C++ Logo

SG16

Advanced search

Subject: Re: Agreeing with Corentin's point re: problem with strict use of abstract characters
From: Jens Maurer (Jens.Maurer_at_[hidden])
Date: 2020-06-15 02:59:17


On 14/06/2020 22.57, Corentin Jabot wrote:
>
>
> On Sun, 14 Jun 2020 at 22:45, Jens Maurer <Jens.Maurer_at_[hidden] <mailto:Jens.Maurer_at_[hidden]>> wrote:
>
> On 14/06/2020 22.19, Corentin Jabot wrote:
> >
> >
> > On Sun, 14 Jun 2020 at 21:55, Jens Maurer <Jens.Maurer_at_[hidden] <mailto:Jens.Maurer_at_[hidden]> <mailto:Jens.Maurer_at_[hidden] <mailto:Jens.Maurer_at_[hidden]>>> wrote:
>
> >     No, each code point in a sequence (given Unicode input) is a separate abstract character
> >     in my view (after combining surrogate pairs, of course).
> >
> >
> > For example diatrics, when preceded by a letter are not considered abstract characters of their own.
>
> "Abstract character" is defined in https://www.unicode.org/glossary/ as follows:
>
> "A unit of information used for the organization, control, or representation of textual data."
> (ISO 10646 does not appear to have a definition in its clause 3.)
>
> I'm not seeing a conflict between that definition and my view that a diacritic,
> preceded by a letter, can be viewed as two different abstract characters.
> I agree that the alternate viewpoint "single abstract character" is not
> in conflict with the definition, either.
>
> What is your statement "are not considered abstract characters of their own"
> (which seems to leave little room for alternatives) based on?
>
>
> Right the glossary, is very much incomplete
>
> The definition is given in Unicode 13. 3.4 ( http://www.unicode.org/versions/Unicode13.0.0/ch03.pdf%c2 ) 

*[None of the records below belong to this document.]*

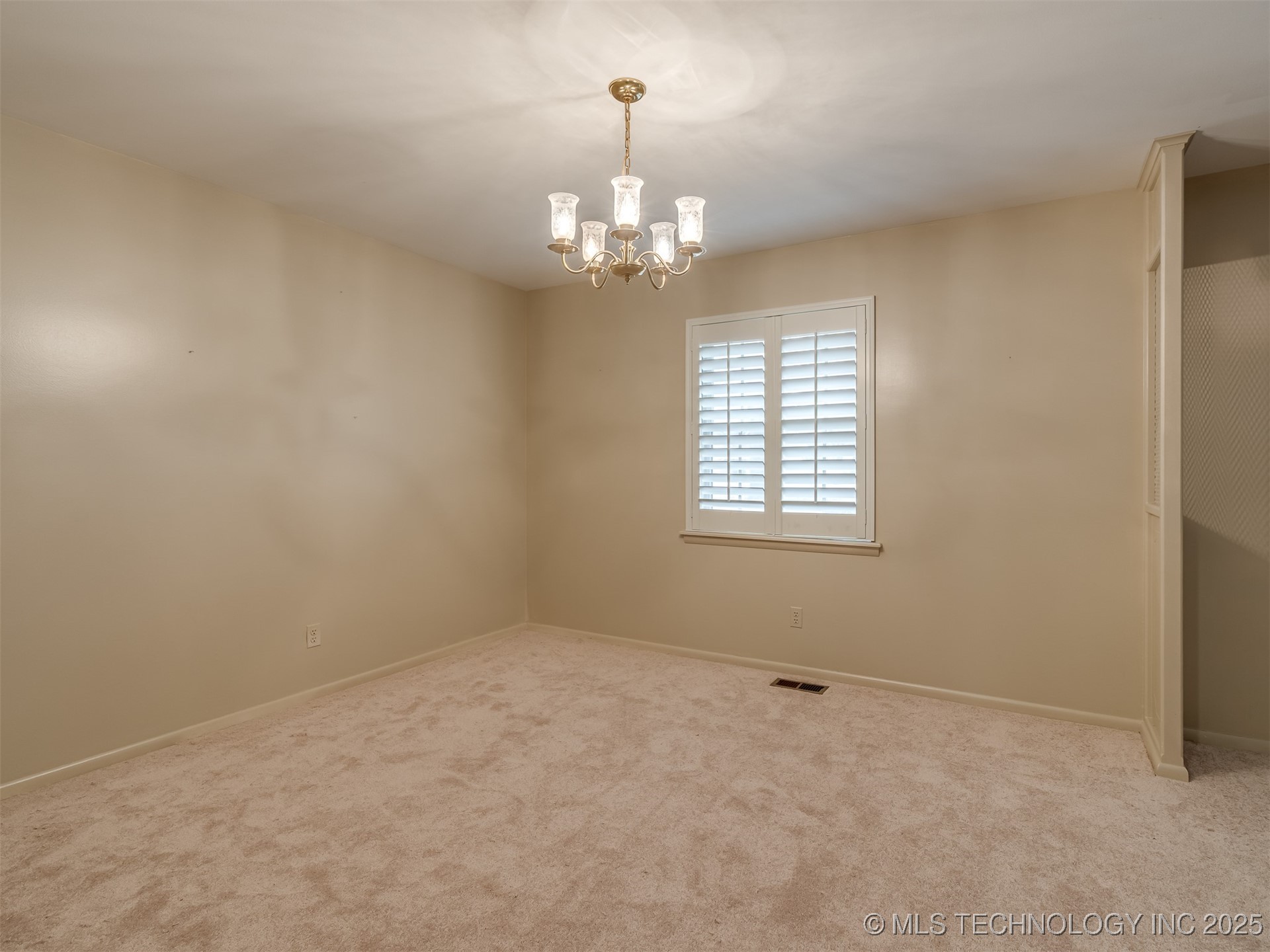 1808 E 58th Street Property Photo 7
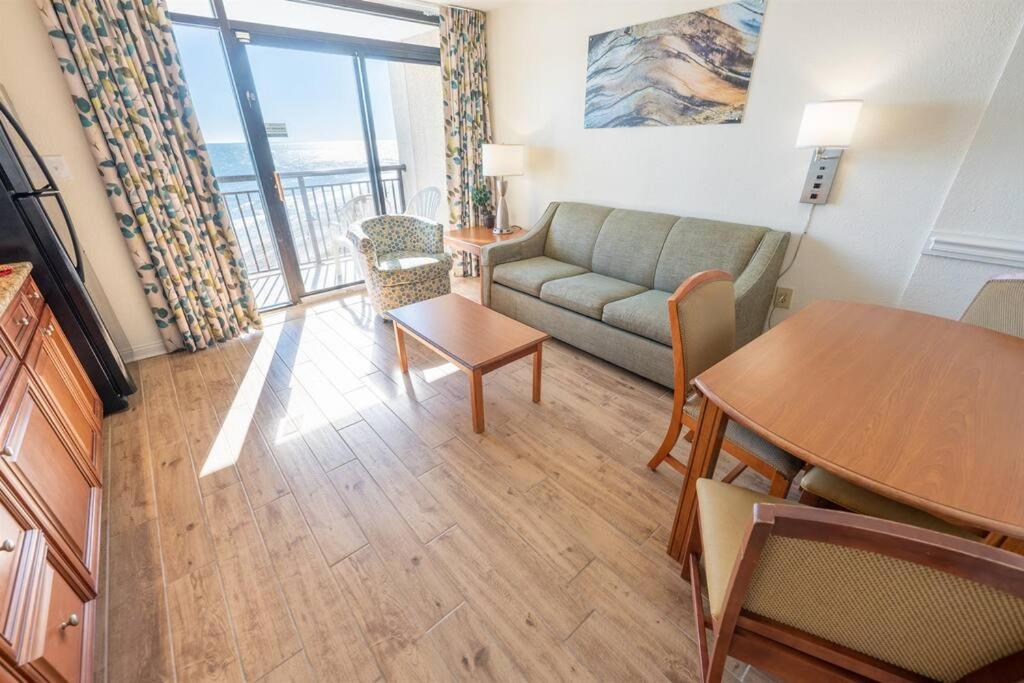 מירטל ביץ' New Remodeled Direct Oceanfront Views Beach Cove מראה חיצוני תמונה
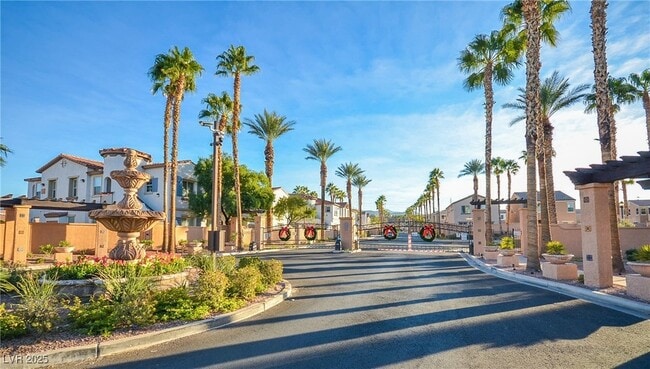 Building Photo - 50 Aura de Blanco St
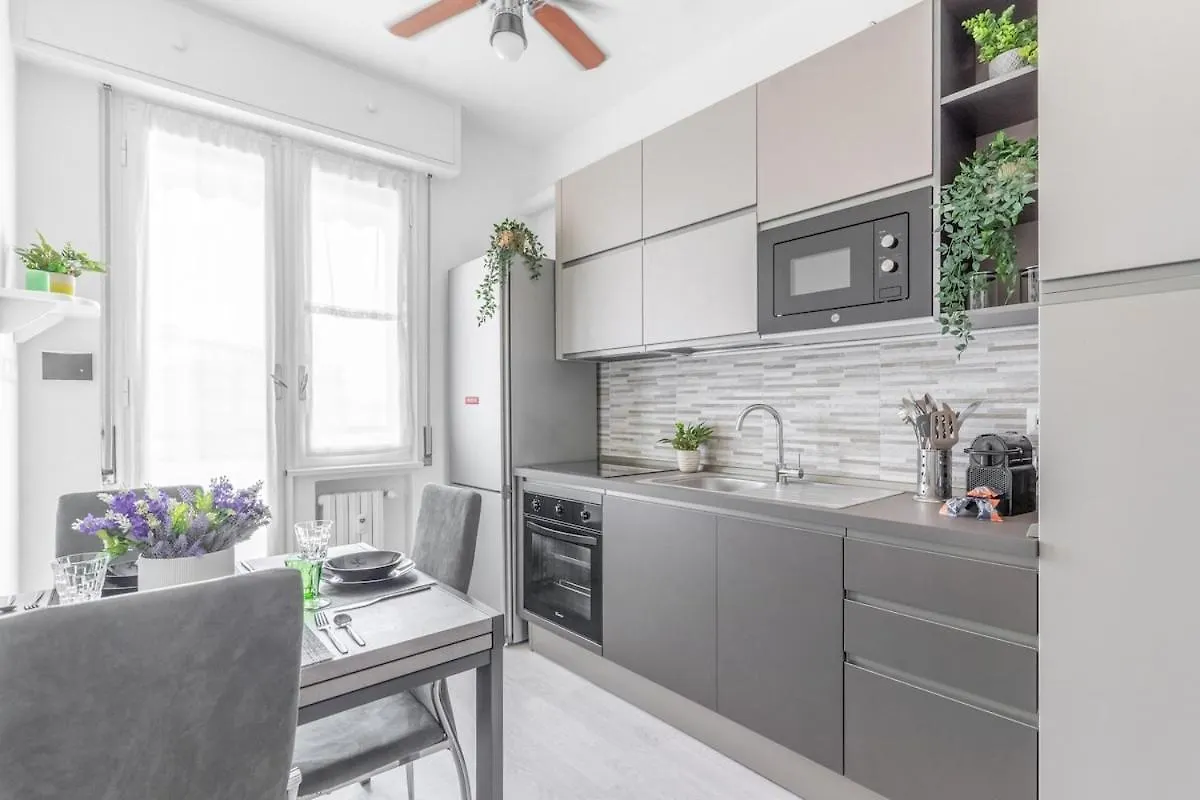 Comodo E Confortevole-Sesto Piano Con Vista Milán Apartmán
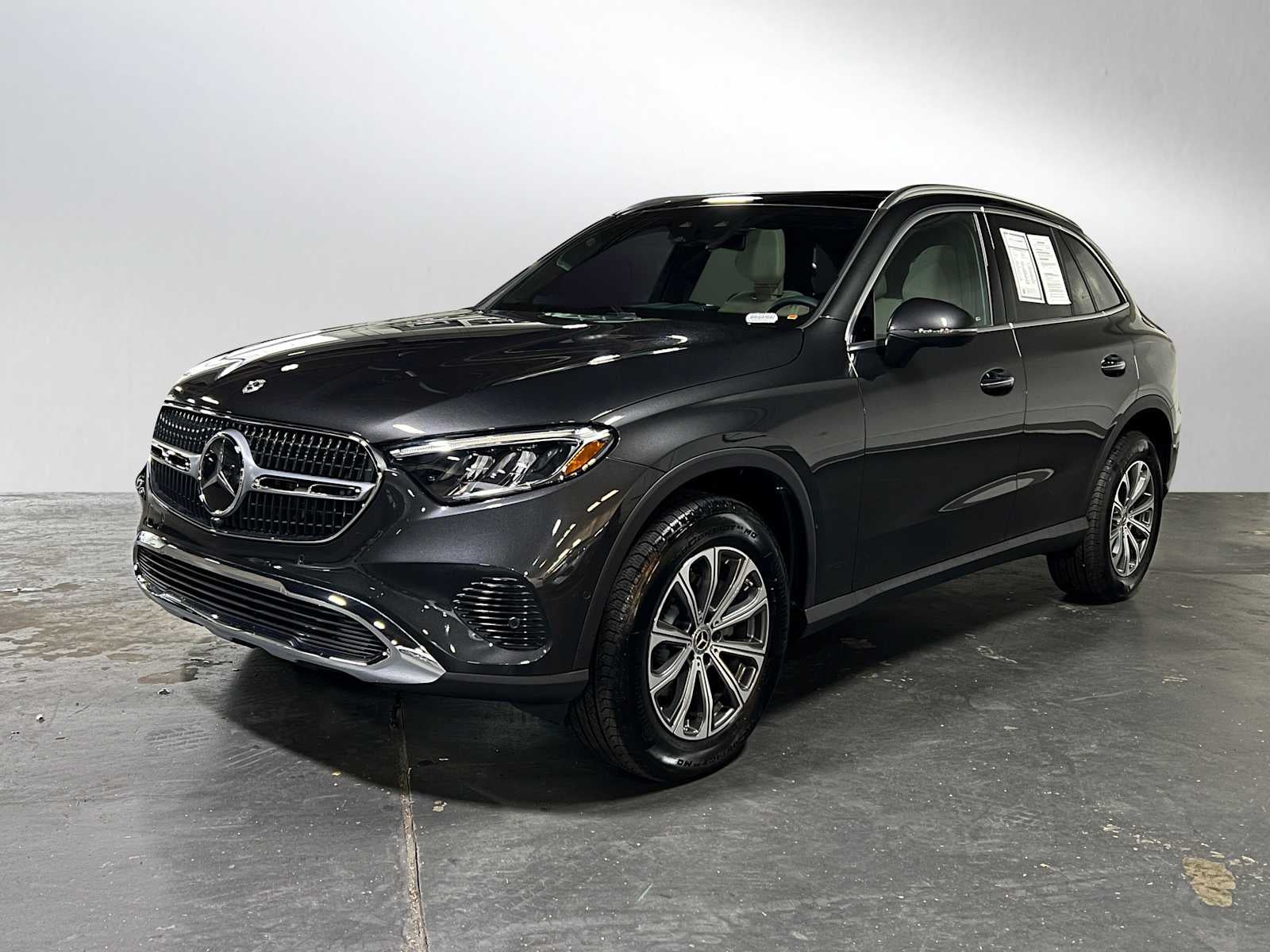 2025 Mercedes-Benz GLC GLC 300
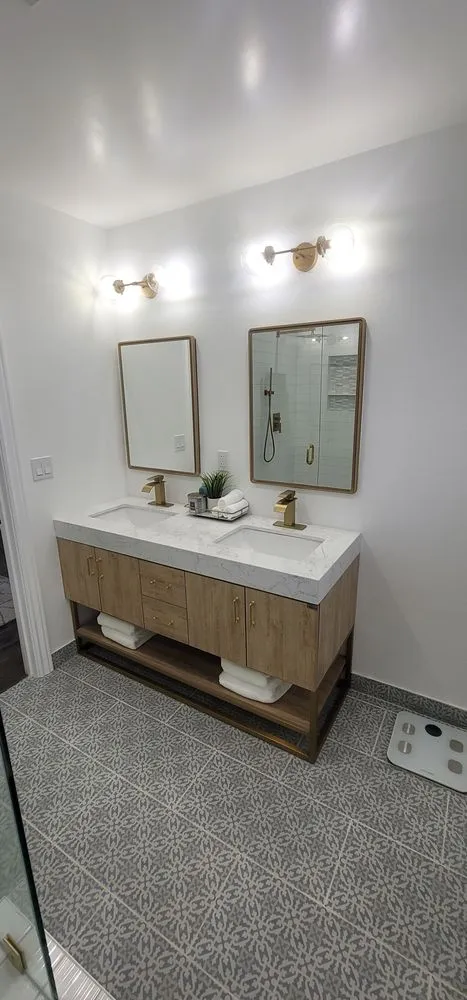 Slide of Sama's Construction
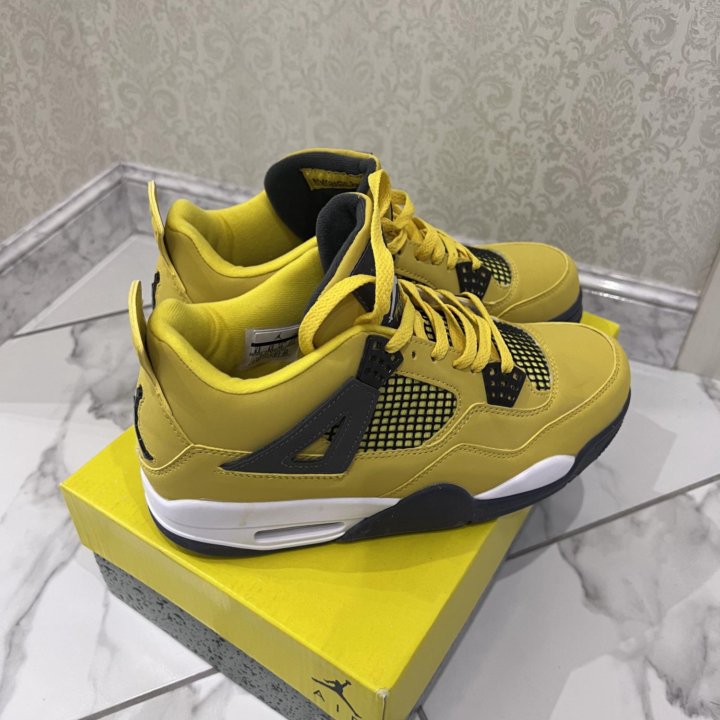 Новые Air Jordan 4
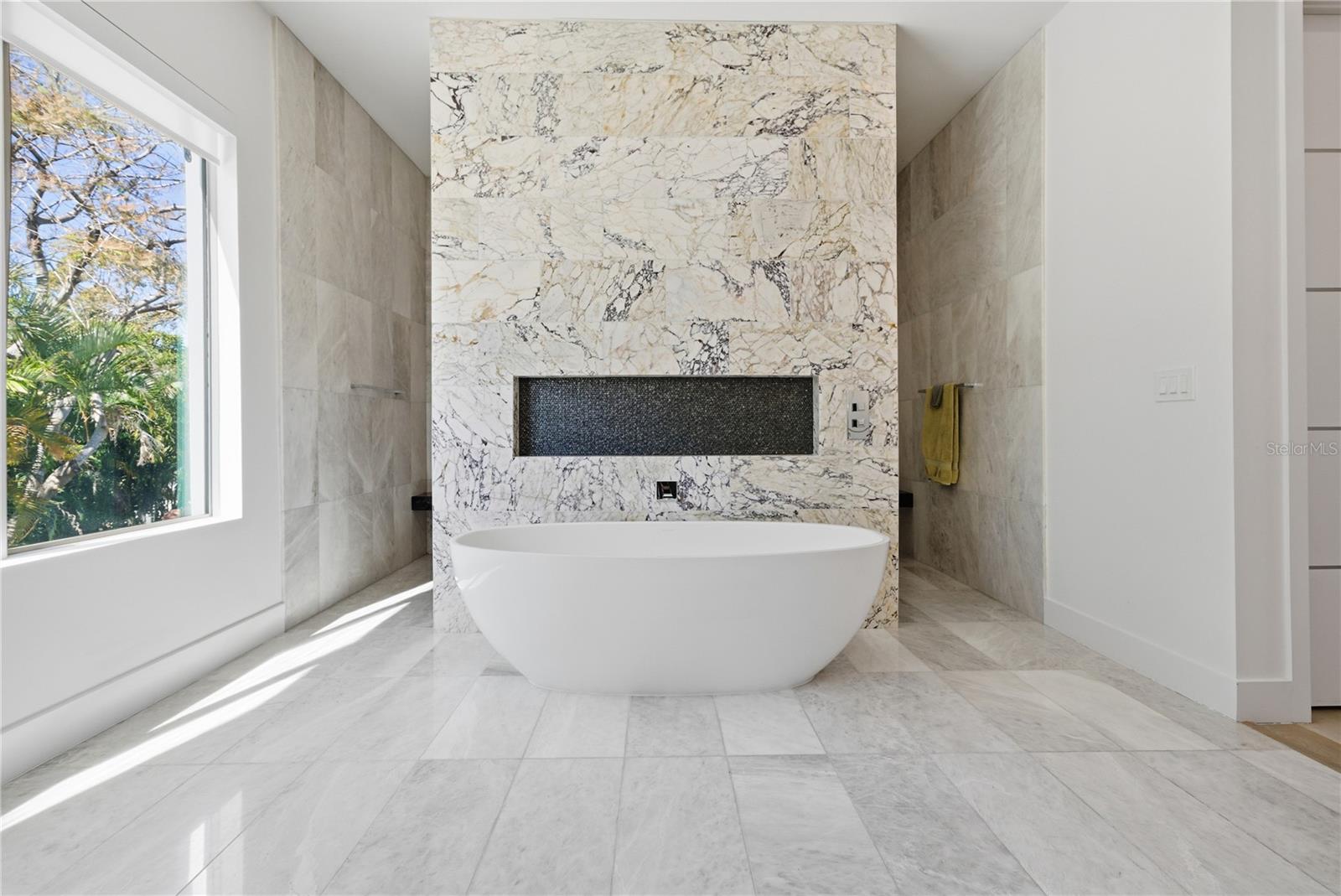 Image 51 of 72 For 814 Davis Boulevard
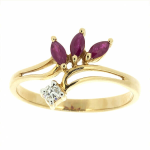 Золотое кольцо с рубинами и бриллиантом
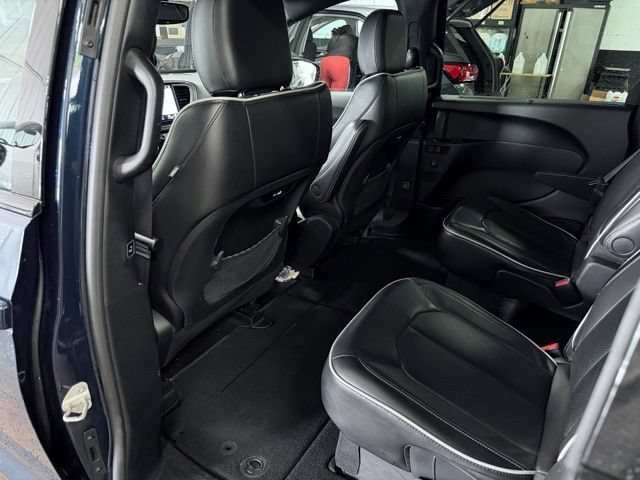 Used 2025 Chrysler Pacifica Limited FWD image 24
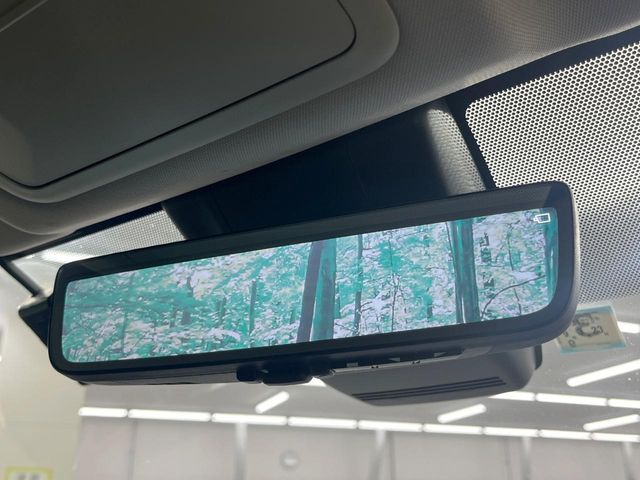 TOYOTA RAV4 HYBRID 4WD 2022 Image 31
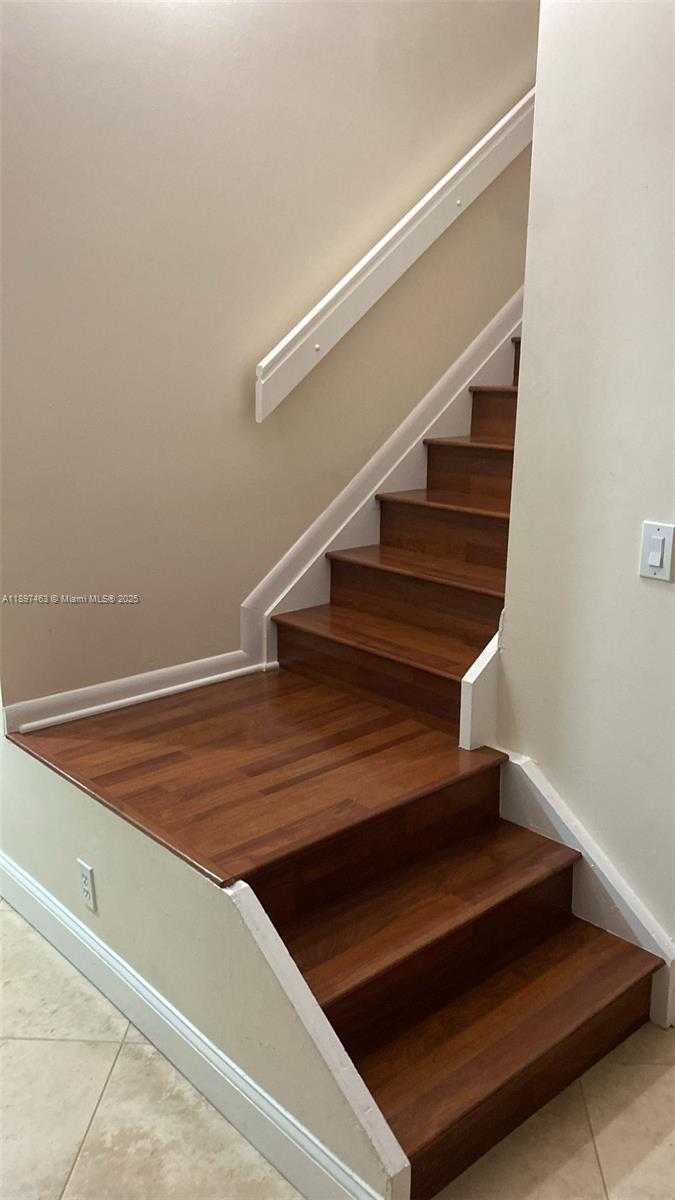 Small Image of 1634 NORTH 15TH TERRACE, Hollywood Number 17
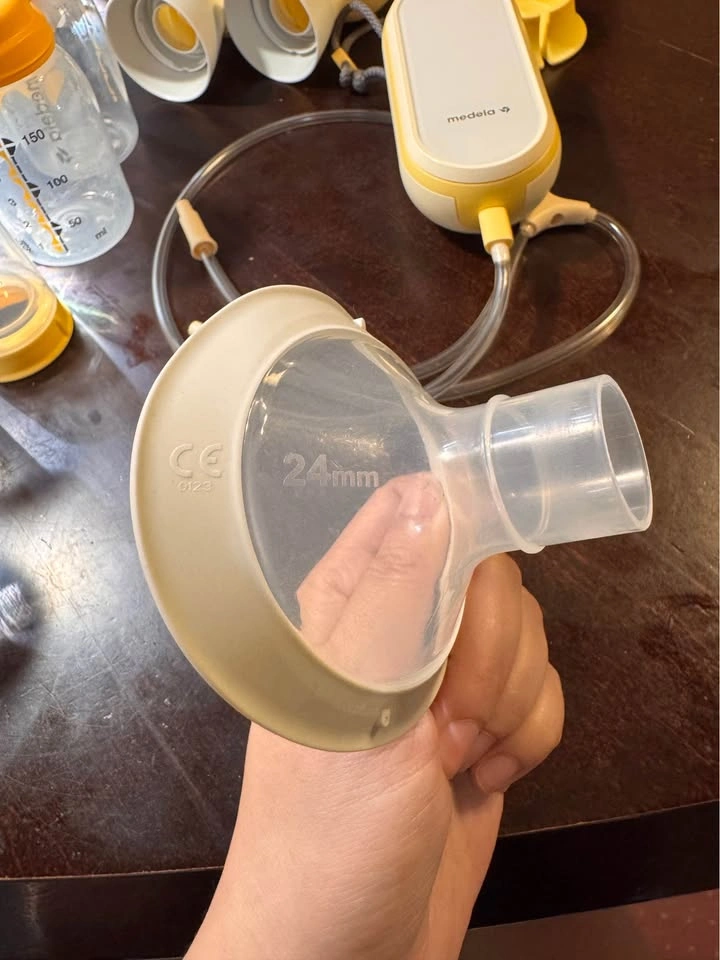 Medela Freestyle Flex Pump with extra bottles - photo 3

Hm... ISO 10646:2017 doesn't even contain a definition of
"abstract character" in its clause 3.

> Abstract character: A unit of information used for the organization, control, or representation of textual data.
> • When representing data, the nature of that data is generally symbolic as
> opposed to some other kind of data (for example, aural or visual). Examples of
> such symbolic data include letters, ideographs, digits, punctuation, technical
> symbols, and dingbats.
> • An abstract character has no concrete form and should not be confused with a
> glyph.
> • An abstract character does not necessarily correspond to what a user thinks of
> as a “character” and should not be confused with a grapheme.
> • The abstract characters encoded by the Unicode Standard are known as Unicode abstract characters.
> *• Abstract characters not directly encoded by the Unicode Standard can often be represented by the use of combining character sequences.

From the standpoint of normative wording, it's a bit unfortunate that
the "terms and definitions" section of ISO 10646 does not properly
define the term as it appears to be commonly understood.

I thought ISO 10646 would be a direct representation of Unicode something,
but apparently, it isn't.

Also, "what a user thinks" is more than sloppy wording for a standard.

Jens


SG16 list run by sg16-owner@lists.isocpp.org